# Do you use Cubase’s Chord and Arranger track?



## jononotbono (Aug 1, 2020)

I’ve been playing around recently with Cubase’s Chord Track and also the Arranger track. I feel like I’m a little late to this party because I’ve always written music without this kind of thing but I have to say, they are so powerful!

Firstly, the Chord track. There are probably people here that would scoff the idea of using such a thing but I’m finding it very useful to try out chord sequences with things I can’t play due to my piano playing abilities being rather Dogs Brown. I’m also eager to try out the Chord track in conjunction with Spitfire’s Symphonic Motion Strings (currently downloading). I’m thinking it could lead to some interesting results.

Secondly, The arranger track. The amount of times I get creatively stuck and want to try quick arrangements but can’t because I’m not too slow or the inspiration gets lost by the time I start copying parts to places in the timeline I o build various arrangements. Quite frankly, I’m kicking myself for not using it sooner. I always related it to song writing when you have a song structure but it works for so much more. And the flatten option that turns the parts into midi data is fantastic.

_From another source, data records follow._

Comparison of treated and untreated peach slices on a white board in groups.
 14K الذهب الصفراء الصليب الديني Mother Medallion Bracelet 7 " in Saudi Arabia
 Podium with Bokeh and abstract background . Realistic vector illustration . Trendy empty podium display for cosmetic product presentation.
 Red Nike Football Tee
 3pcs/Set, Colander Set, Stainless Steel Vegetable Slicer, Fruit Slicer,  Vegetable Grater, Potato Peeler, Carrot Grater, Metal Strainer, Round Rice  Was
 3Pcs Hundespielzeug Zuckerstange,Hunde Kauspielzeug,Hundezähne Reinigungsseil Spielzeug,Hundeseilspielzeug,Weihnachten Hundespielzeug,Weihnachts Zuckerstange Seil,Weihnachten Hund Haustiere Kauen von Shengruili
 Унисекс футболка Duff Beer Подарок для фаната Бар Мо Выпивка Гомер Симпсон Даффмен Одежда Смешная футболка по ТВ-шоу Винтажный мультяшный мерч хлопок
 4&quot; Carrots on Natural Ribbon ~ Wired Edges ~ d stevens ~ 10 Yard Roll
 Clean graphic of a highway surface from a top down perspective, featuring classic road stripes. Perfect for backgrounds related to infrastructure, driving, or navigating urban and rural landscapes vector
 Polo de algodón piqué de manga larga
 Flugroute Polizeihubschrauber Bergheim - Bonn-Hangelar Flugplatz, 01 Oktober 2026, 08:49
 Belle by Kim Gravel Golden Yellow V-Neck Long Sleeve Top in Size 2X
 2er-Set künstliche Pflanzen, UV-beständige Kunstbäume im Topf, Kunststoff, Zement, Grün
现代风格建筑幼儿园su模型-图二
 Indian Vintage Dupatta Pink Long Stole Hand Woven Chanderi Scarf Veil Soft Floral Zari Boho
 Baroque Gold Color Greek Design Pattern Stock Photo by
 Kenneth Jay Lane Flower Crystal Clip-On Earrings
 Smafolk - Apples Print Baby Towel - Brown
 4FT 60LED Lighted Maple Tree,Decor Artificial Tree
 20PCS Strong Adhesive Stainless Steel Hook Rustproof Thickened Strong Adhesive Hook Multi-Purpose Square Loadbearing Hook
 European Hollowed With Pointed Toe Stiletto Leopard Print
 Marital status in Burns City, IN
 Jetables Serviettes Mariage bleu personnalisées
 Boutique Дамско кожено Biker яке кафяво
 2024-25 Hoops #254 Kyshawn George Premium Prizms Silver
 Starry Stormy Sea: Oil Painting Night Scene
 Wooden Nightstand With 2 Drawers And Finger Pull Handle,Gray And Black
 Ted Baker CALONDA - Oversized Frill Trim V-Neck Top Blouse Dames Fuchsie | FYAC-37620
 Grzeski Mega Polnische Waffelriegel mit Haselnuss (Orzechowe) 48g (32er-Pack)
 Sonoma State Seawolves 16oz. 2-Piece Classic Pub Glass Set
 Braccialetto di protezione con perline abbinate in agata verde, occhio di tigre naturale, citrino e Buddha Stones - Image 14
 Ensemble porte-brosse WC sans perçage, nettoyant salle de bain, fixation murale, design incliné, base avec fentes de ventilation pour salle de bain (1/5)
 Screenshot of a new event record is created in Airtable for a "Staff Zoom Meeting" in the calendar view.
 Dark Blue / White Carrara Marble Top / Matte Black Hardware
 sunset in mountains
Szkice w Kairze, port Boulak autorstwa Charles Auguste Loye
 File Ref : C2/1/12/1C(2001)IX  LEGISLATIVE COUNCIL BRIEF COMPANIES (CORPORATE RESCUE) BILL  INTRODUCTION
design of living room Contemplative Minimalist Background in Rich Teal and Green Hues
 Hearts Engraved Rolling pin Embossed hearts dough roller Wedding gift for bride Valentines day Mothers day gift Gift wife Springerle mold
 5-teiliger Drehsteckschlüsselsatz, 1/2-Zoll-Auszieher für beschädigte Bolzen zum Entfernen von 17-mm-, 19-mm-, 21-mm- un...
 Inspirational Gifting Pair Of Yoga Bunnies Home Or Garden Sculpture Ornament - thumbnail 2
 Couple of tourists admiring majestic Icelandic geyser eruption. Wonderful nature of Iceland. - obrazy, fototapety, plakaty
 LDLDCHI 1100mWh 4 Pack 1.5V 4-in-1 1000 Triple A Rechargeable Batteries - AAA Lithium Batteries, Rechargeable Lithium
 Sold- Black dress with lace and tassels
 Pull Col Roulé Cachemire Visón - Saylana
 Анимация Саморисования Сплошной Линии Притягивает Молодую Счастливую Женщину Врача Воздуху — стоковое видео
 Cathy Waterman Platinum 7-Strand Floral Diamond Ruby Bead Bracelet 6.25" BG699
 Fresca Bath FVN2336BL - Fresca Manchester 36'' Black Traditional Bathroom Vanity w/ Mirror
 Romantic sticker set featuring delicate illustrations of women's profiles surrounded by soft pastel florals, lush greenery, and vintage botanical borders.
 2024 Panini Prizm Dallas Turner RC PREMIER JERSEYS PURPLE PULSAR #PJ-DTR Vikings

Just wondering if anyone else loves these Cubase features? Probably not as I’m a musical cripple and you can likely just play what you want when you want.


----------



## Jimmy Hellfire (Aug 1, 2020)

I use 'em both. The arranger track is just really helpful for both organizing your parts as well as trying out stuff. The chord track is just as you said - it helps me whack out stuff on the fly even though I'm not much of a piano player. I generally end up doing my own voicings, extensions and orchestrations and other spicy stuff, but just to get from A to B idea wise and have something to play over it's great. No shame. All is fair in love, war and tax evasion.


----------



## JamieLang (Aug 1, 2020)

So, Chord Track...is new. Or newly reinstated--from before I used Cubase. I use it when I'm doing string work to HMT intonate....but, they keep changing something version to version that makes that NOT work properly (even once you turn HMT off), so...moving forward? Likely not as much until instruments start to "read" it and make interesting noise based on it. It's a feature that was put back because this is all going to become Band In a Box. Mark my words.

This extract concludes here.